Category: Journal

  • Trying and failing

    To move to a new blogging plattform is to enter into unknown territory. It is quite challenging. Everything is new. I am struggling to find my way. It is not easy as I have to unlearn the old ways og my previous plattform and learn a complete new way of doing things. It is flying from one universe to a completely different universe. I have migrated from one world to another world.

    As this is a new world to me, I have a lot to learn. Hopefully my grandson, Jonathan, will be able to help me along. He has some knowledge of this new universe and will hopefully be able to teach me how the WordPress universe functions. Then he will have to enable me to manage my blog effort in such a way that I will be able to develop a community of friends with my writings.

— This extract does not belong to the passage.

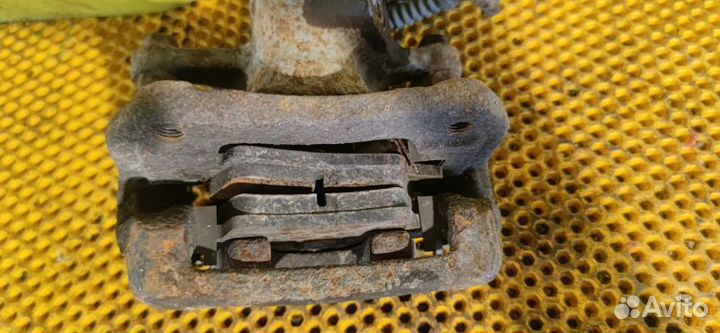 Суппорт тормозной задний правый Kia Rio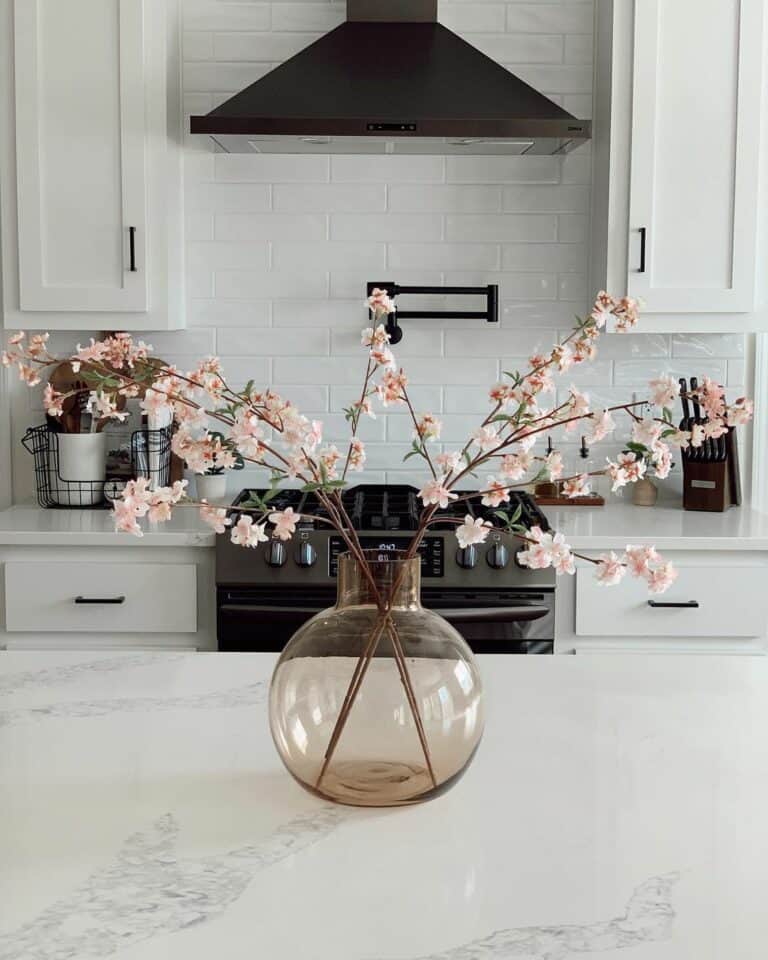 White Kitchen Island With a Pink Tinted Clear Glass Vase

    In the meantime, I am trying and failing at the moment as I am exploring this universe on my own. However, I realize, I really need someone to guide me.

    I also realize that new believers need someone to come along side them and train them in living a new life from the inside. New believers are leaving an egoistic and individualistic life style behind as they are entering into the Kingdom of God. This kingdom is totally different. The thing that matters now is the relationship with Jesus Christ, our Lord and Saviour, and with his covenant community.

  • I can still see!

    This week I had my annual examination of my eyes. This have been going on since my right eye was damaged by AMD – Age-related Macula Degeneration about six years ago. Then I lost the ability to see sharply on that eye. Everything I focus on, I can only see a black cloud, but I still have some side sight on the right eye. I cannot read a singel letter on my right eye! My left eye has been perfectly well until now, and I am very grateful to the Lord for the blessing of eyesight!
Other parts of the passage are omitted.